Registration is now open via the online store. Please ensure that you register under the correct category. Some categories are password protected; if you are a student and need a password and have not received one by 5pm today please email caar2015@hope.ac.uk with some proof that you are a student to request one.

In the registration process you will be able to reserve your on-campus accommodation, add on extras, and state any other additional requirements. If you wish to stay off-campus, please see the Visit Liverpool website for other accommodation. Two local off-campus hotels include the Childwall Abbey and the Penny Lane Hotel, both are walking distance to the conference.

General Registration: for all presenting and non-presenting delegates who are not students. Not password protected.

Student – not presenting: for all students who are not presenting a paper. Password protected, email us with some proof of you being a student to receive the password.

Student – presenting: for all students who are presenting a paper. Password protected, if you haven’t yet received a password please email us.

Hope post grads: for all Hope post grads. Password protected, email  us with proof you are a Hope student for a password.

Day rates: for all who are not attending the full conference. Not password protected.

About CAAR

The Collegium of African American Research (CAAR) was founded at the University of the Sorbonne Nouvelle in 1992 and incorporated at the University of Rome later that year. From its inception it has worked to stimulate research in African American Studies in Europe and beyond. CAAR promotes intellectual collaboration through the creation of an international and interdisciplinary research and teaching network. CAAR organizes bi-annual conferences, sponsors local symposia, helps to create research networks, and supports publications, most prominently its FORECAAST Series (Forum for European Contributions in African American Studies).

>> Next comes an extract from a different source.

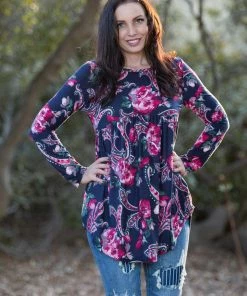 Boutique Simplified Paisley Marie Babydoll Top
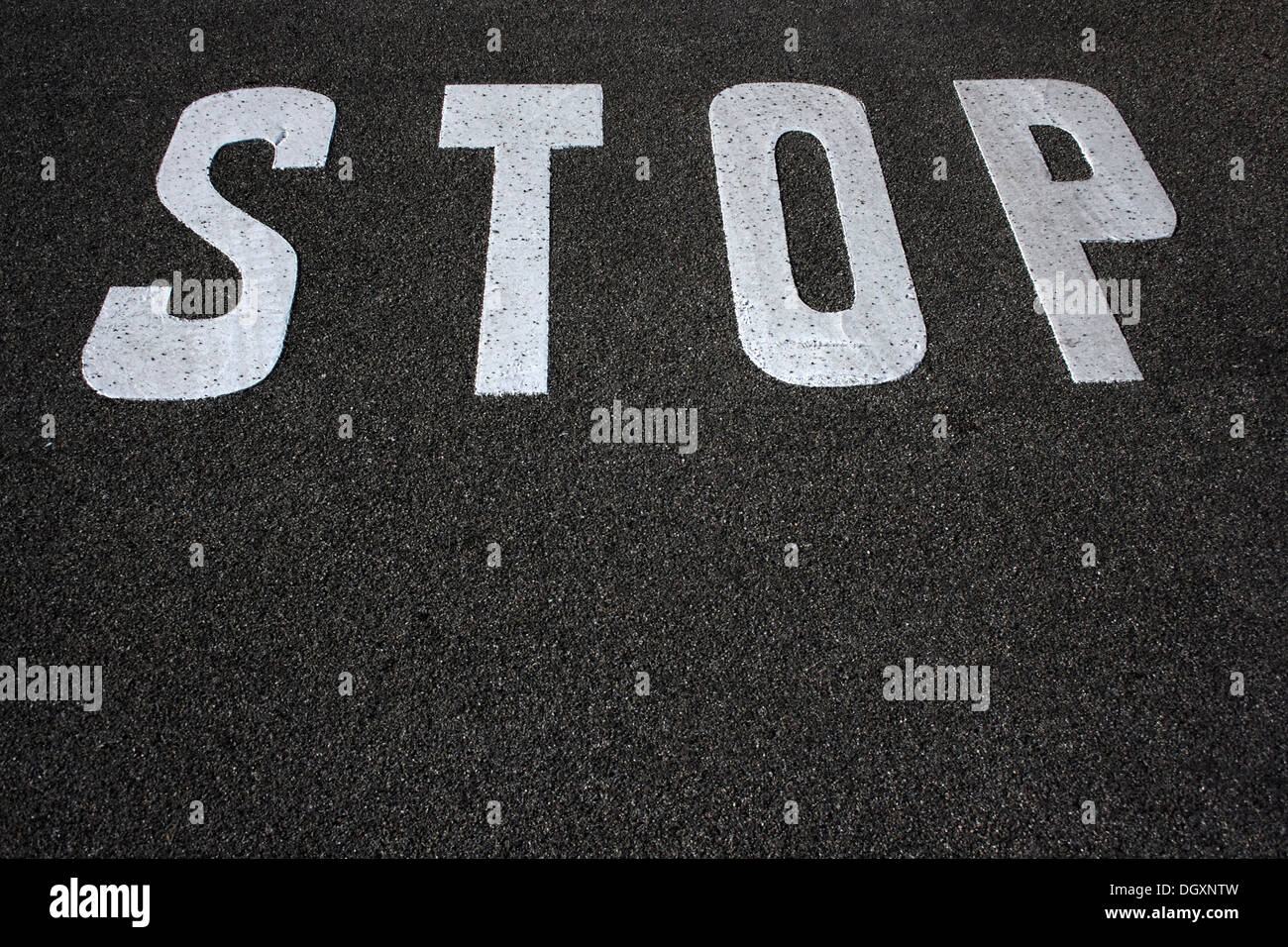 Road markings, ground markings, stop notice on asphalt Stock Photo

The first volume of the FORECAAST series was issued by Lit Verlag in 1999, and for its twentieth volume, the series moved to the University of Liverpool Press. Begun as an occasional publication of monographs and themed, selected conference papers, the Series has always sought to highlight the best recent scholarship in the field. In 2013, FORECAAST became an annual publication of CAAR, reflecting the growth of the organisation and the richness of the scholarship produced by its members.

CAAR is a financially independent, international organization of African-American and Black Diaspora scholars from over 25 countries, including the US, Canada, Japan, China, several African countries and all European countries. Members come from a range of disciplines including literature, history, cultural studies, film studies, social sciences, as well as from queer studies and gender studies.

The membership is made up equally of professors, students, and individual researchers and activists outside the academy. Due to the location of the current presidency, CAAR activities are primarily run out of University of Bremen.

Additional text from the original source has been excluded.